EXCERPTED RECORDS

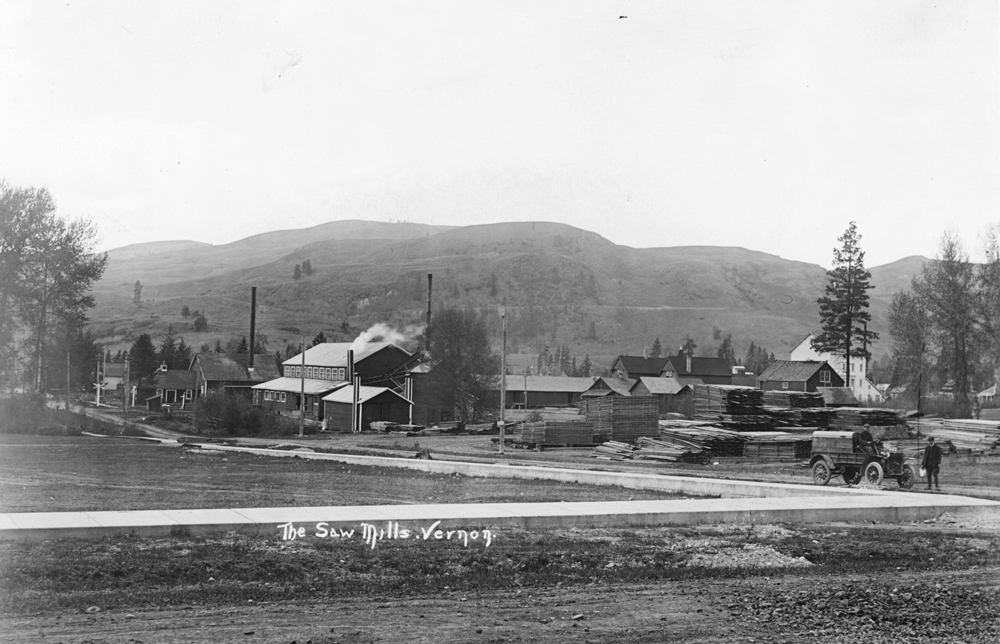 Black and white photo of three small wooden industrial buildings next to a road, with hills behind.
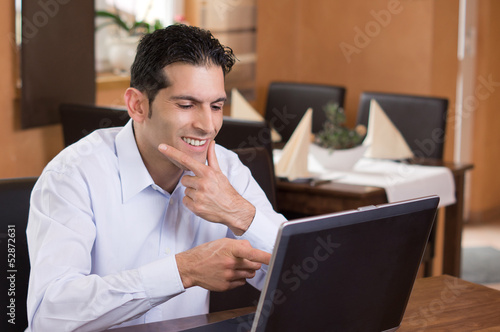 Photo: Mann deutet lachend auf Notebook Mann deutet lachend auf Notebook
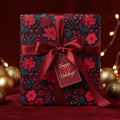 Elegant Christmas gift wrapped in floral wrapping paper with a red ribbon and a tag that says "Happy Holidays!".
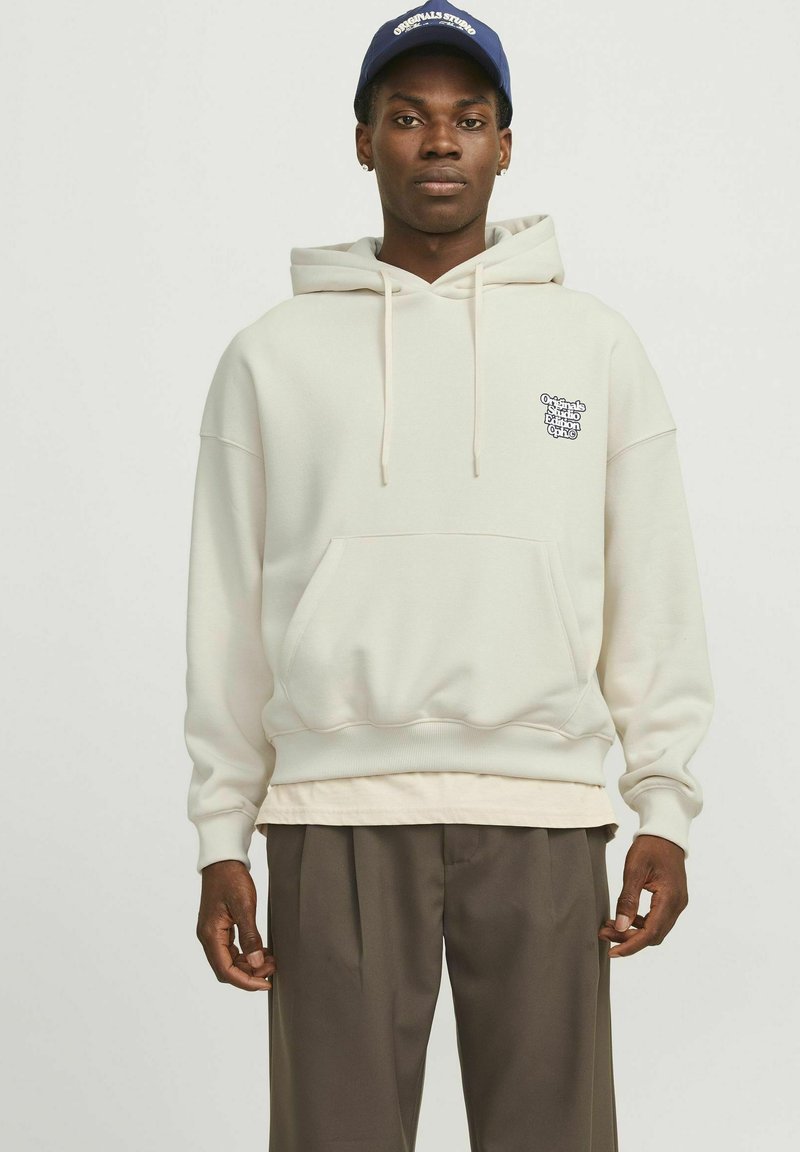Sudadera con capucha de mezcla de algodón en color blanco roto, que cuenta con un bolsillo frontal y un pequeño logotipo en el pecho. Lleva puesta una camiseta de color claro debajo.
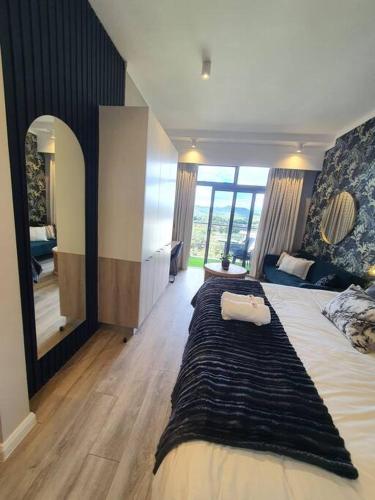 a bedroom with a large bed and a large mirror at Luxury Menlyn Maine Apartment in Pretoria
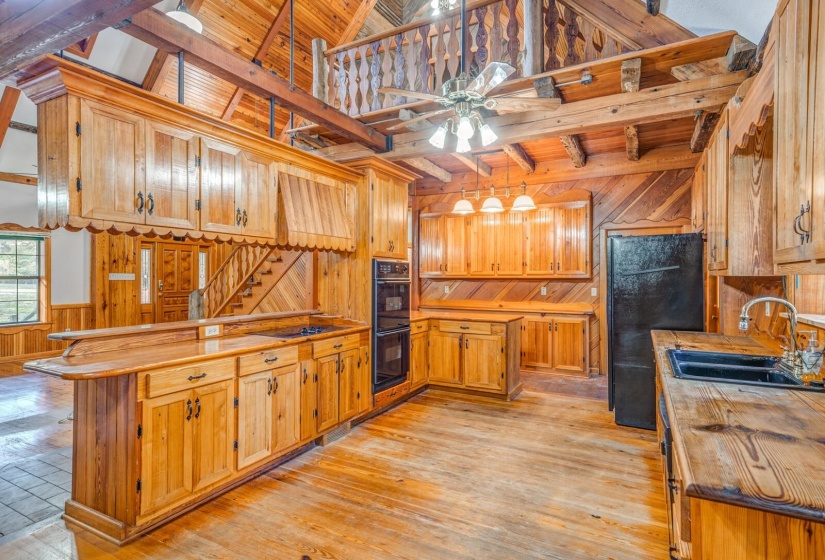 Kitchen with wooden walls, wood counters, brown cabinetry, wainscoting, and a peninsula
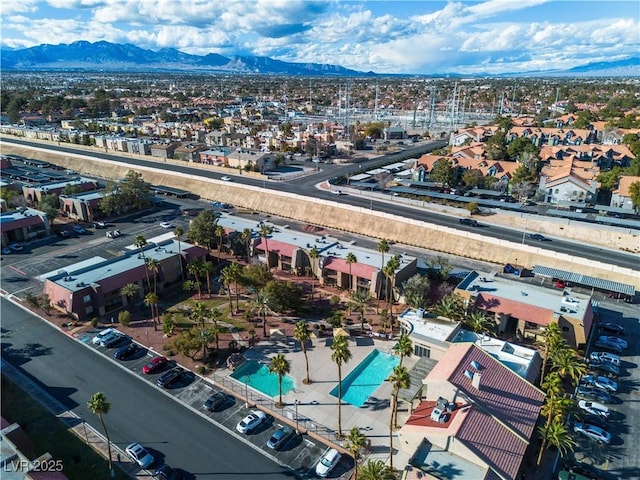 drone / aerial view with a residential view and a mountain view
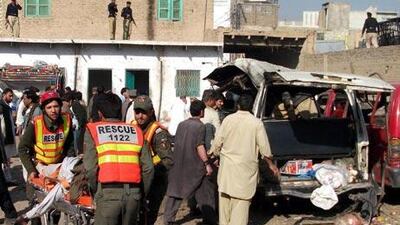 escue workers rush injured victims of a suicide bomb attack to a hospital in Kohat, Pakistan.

--

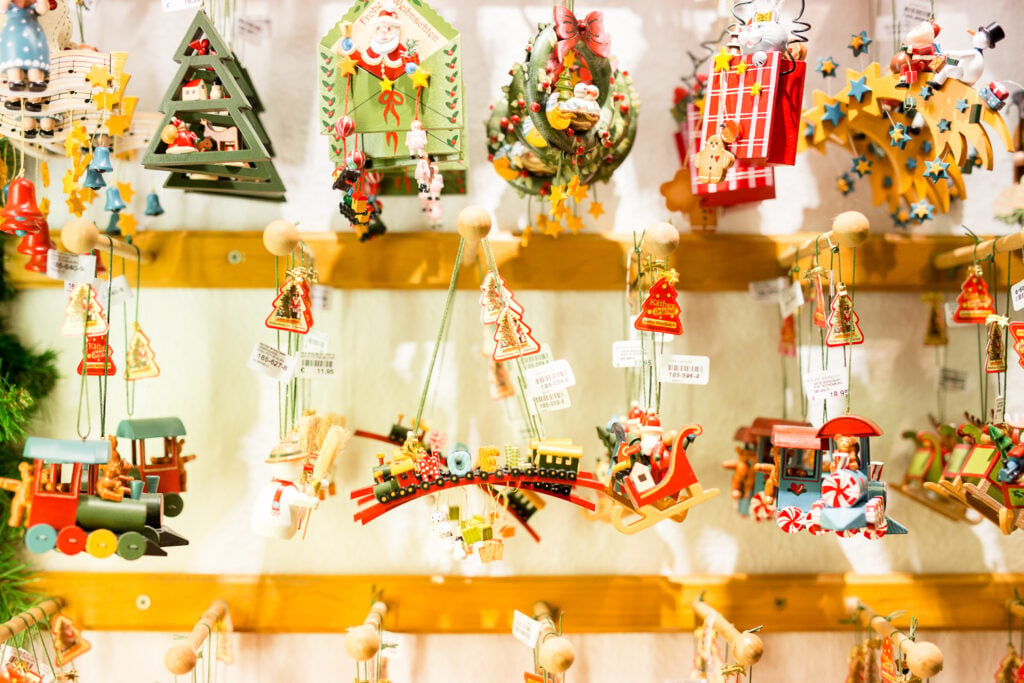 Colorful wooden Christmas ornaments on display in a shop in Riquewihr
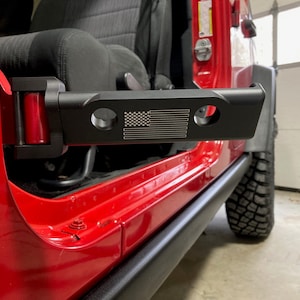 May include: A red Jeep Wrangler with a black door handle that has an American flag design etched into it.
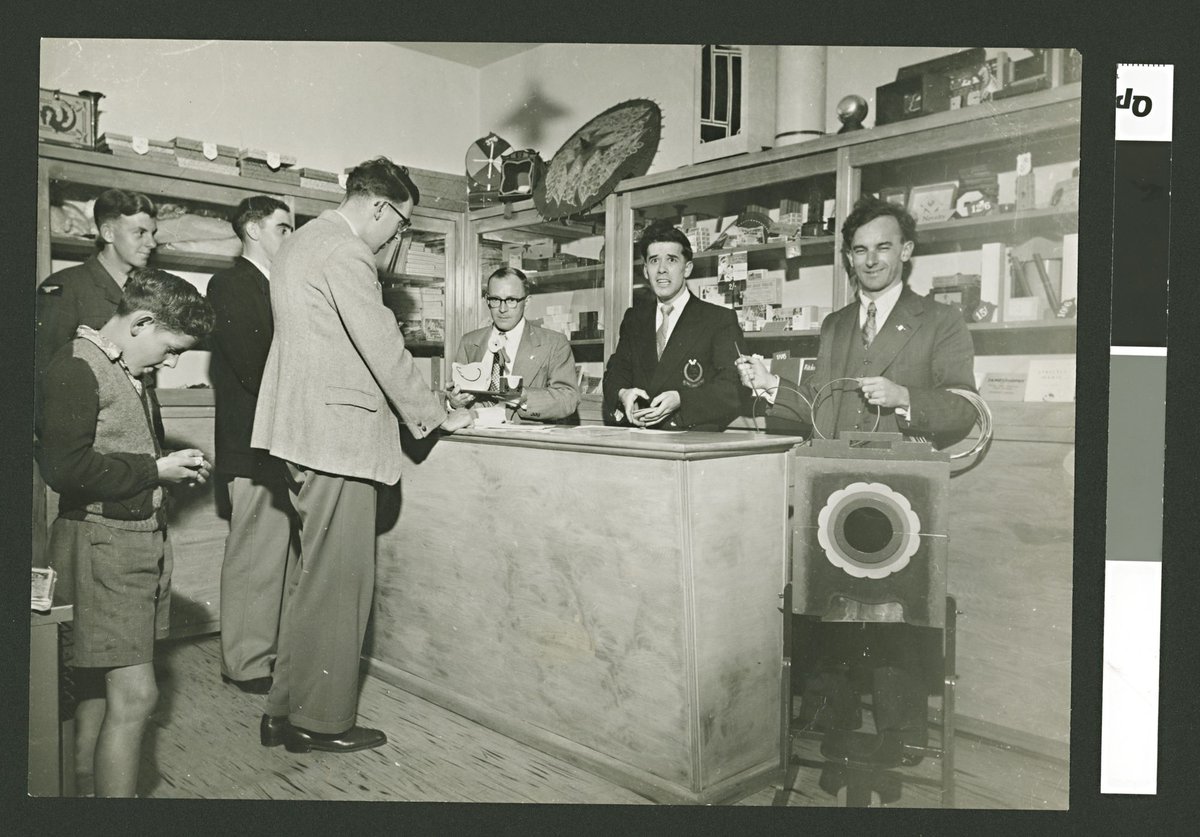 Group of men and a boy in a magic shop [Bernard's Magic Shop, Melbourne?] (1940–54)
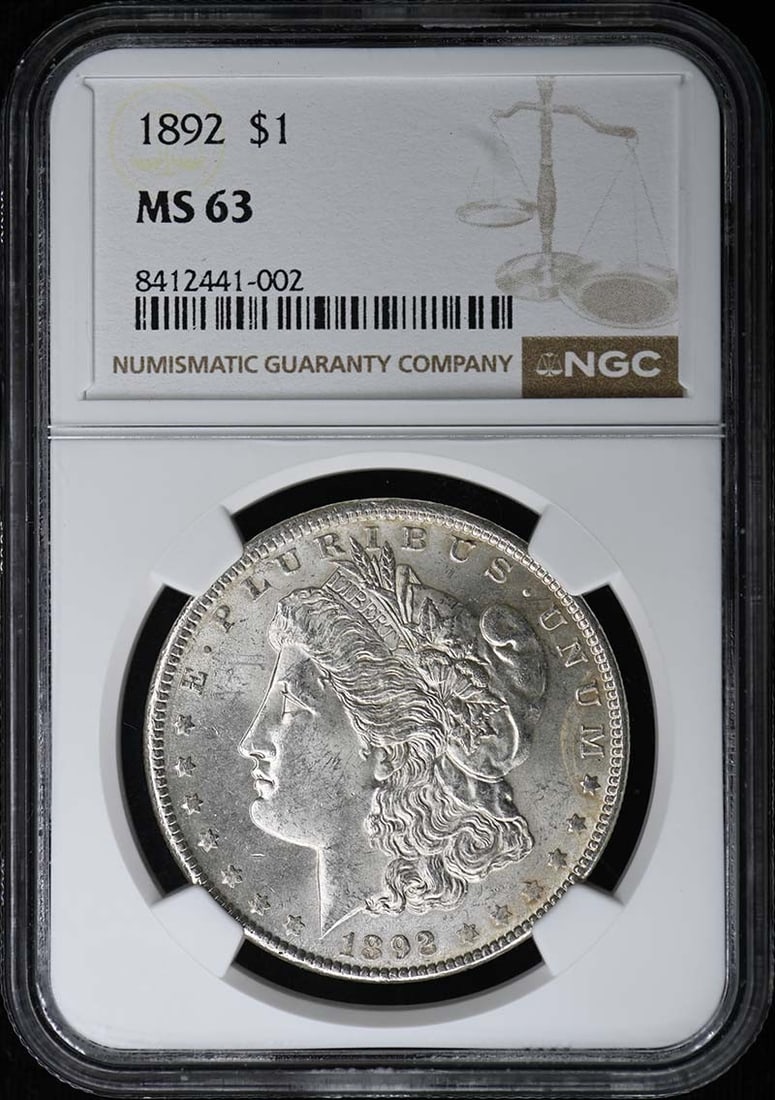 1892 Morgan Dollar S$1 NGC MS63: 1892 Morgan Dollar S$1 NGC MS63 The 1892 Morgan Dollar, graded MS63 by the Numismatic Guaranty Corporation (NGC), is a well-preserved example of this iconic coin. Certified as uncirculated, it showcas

AIM OF THE TASK
Between and including the line with "a bedroom with" and the line with "escue workers rush", repeat every line exactly as it appears above, with pictures left out.

WRITTEN SOLUTION
 a bedroom with a large bed and a large mirror at Luxury Menlyn Maine Apartment in Pretoria
 Kitchen with wooden walls, wood counters, brown cabinetry, wainscoting, and a peninsula
 drone / aerial view with a residential view and a mountain view
 escue workers rush injured victims of a suicide bomb attack to a hospital in Kohat, Pakistan.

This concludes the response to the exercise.